If you want to remove the drive from the array, it is just as easy. You only need to run two commands:
Step 1: Perform in the terminal the following command:
mdadm /dev/md0 –fail /dev/sda1
This command will mark the drive as failed.
Step 2: In the terminal type the command mdadm /dev/md0 -remove /dev/sda1 and press “Enter”
This command will remove the drive from the array. After the drive is removed, all data in the array is available for use.
If a drive has failed, it can be replaced with another drive without any problems. To do this, first you need to determine which disk failed. Perform in the terminal the following command:
# cat /proc/mdstat
The failed disk will be marked as [U_] When both disks are working, the output will be [UU].
To remove the faulty drive, use the command:
# mdadm /dev/md0 –remove /dev/vdc
After removing it, connect the new drive and add it to the array by pressing the command in the terminal:
# mdadm /dev/md0 –add /dev/vdd
The array rebuilding and reconfiguring will start automatically after adding a new drive.
How to delete a software RAID array in Linux?
If you want to delete a RAID array permanently, follow the steps below:
Step 1: Enter the command # umount /backup in the terminal and press “Enter”. This command will unmount the array from the directory;
Step 2: Perform the command # mdadm -S /dev/md0 to stop the RAID device;
Step 3: After that, clear all the superblocks on the drives from which it was built by using the following commands:
# mdadm –zero-superblock /dev/vdb
# mdadm –zero-superblock /dev/vdc
Now, your RAID array will be permanently deleted and you can use the hard drives as you decide.
What to do if the array suddenly became inactive or does not work after a reboot?
Sometimes there are situations when a user has built the RAID array, saved some data, turned off the computer, and went to mind his own business. When he comes back, he turns on the computer and sees that the array is not working or has gone into an inactive state. The array can also become inactive if there is a hardware failure or power failure. All disks are marked as inactive, but there are no errors on the disks. That is, everything is set up correctly, but the array doesn’t work – all I/O requests are crashing. In this situation, you should stop the array and rebuild it again. To do this:
Step 1: Stop the array by entering the command: # mdadm –stop /dev/md0 in the terminal
Step 2: While in the terminal, type the command: # mdadm –assemble –scan -force to rebuild our array.
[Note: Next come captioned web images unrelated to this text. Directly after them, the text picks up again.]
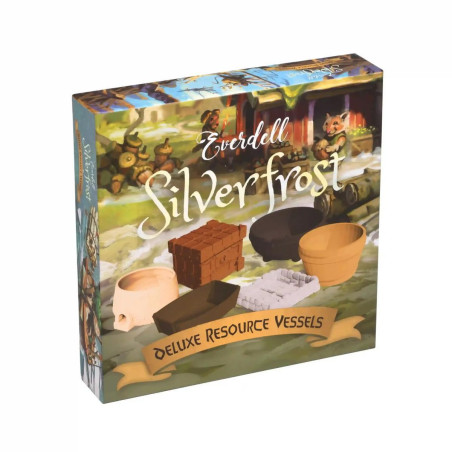 Everdell: Silverfrost -...
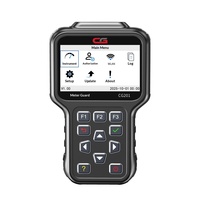 Nuevo Escáner de Diagnóstico Profesional para Tableros de Automóviles CGDI CG201 2026, Herramienta de Reparación de Sistemas Automotrices OBD2
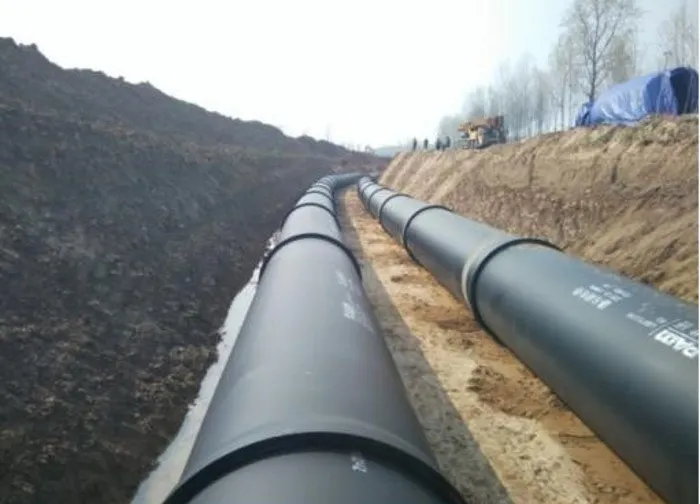 Water Supply Pipelines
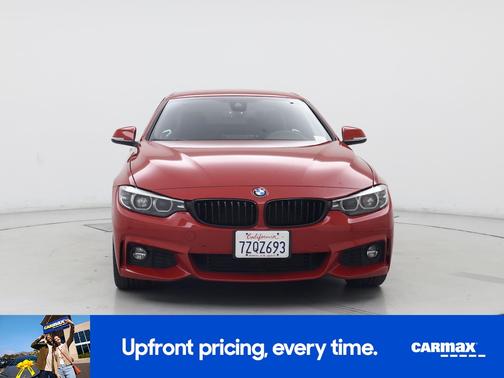 2018 BMW 430 I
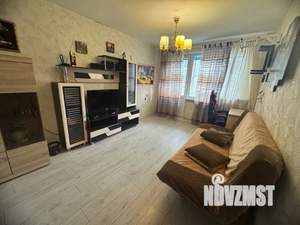 1-к квартира, посуточно, 36м2, 6/9 этаж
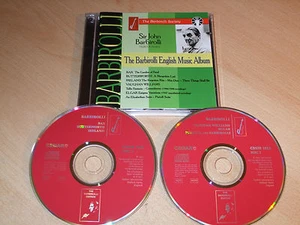 The Barbirolli English Music Album - Sir John Barbirolli (CD) Mint Fast Postage - Picture 1 of 1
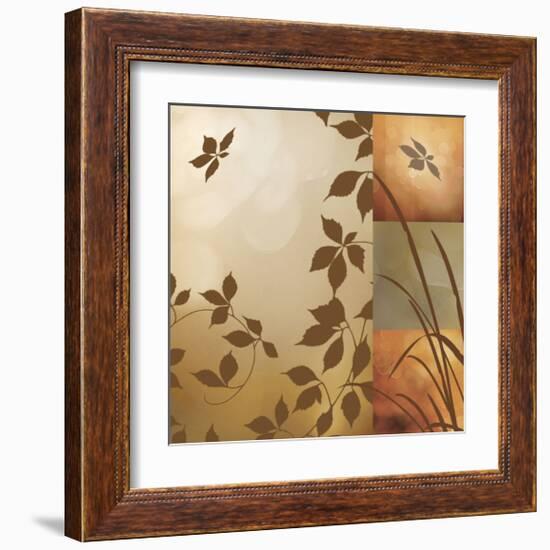 Abundance-Edward Aparicio-Framed Giclee Print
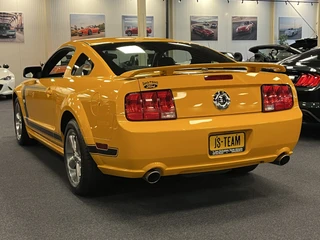 Ford Mustang 2009 - Coupe 4.6i V8 GT Premium 45th Anniversary Edition obrazek 13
After that, the array will be fully functioning again and all data on it will be available to the user.
If the array does not rebuild after reboot, it is likely that the auto-build array after reboot was not prescribed or was incorrectly configured. How to configure auto-build array after reboot was explained in the previous paragraph. Just enter the above commands again and the array will build automatically after each reboot.
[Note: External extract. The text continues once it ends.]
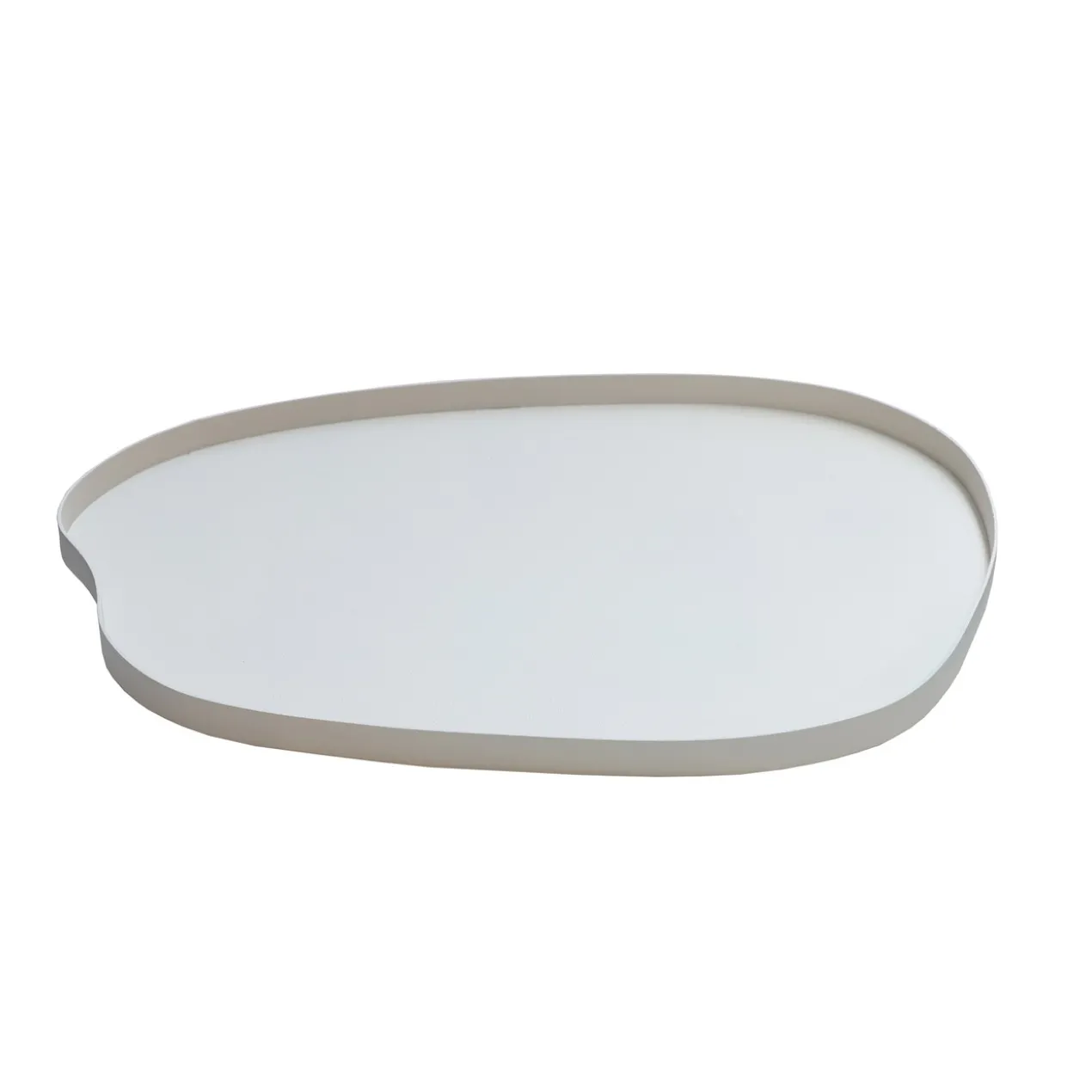 Dienblad Bariri S 35 cm ivory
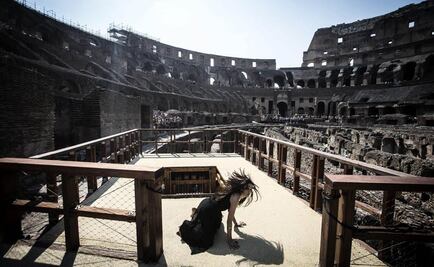 Reconstruir el Coliseo romano costará más de 22 mdd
Advantages and disadvantages of software RAID
Software RAID is great for home solutions where you are looking for more reliability, more performance, or both, but everybody itself decides which RAID controller to use. We can only point out the advantages and disadvantages.
The advantages are:
- Large settings flexibility (you can keep some of the data from the disk in a raid, some of it not);
- This solution is free of charge;
- Softare Raid support is implemented in almost all operating systems: Windows, Linux, FreeBSD; and it is a part of the operating system kernel, which does not require additional costly investments.
- The speed is the same as Hardware Raid. Current computers with modern processors provide Software Raid speed on simple arrays (0, 1, 10) at least as fast as hardware controllers. And in some cases, if you compare the speed with low-cost controllers, Software Raid may be little faster.
- Easy to recover after a failure. In the event of a crash, Software Raid requires far less recovery time than a frantic search for a compatible hardware controller. To the extent that disks can be easily moved to any other server where they are guaranteed to work.
Disadvantages are the following:
- lower performance when compared to fairly expensive RAID controllers;
- setting up is more difficulty;
- higher failure probability in case of power failure compared to hardware Raid-array due to the absence of Battery Backup Unit (BBU).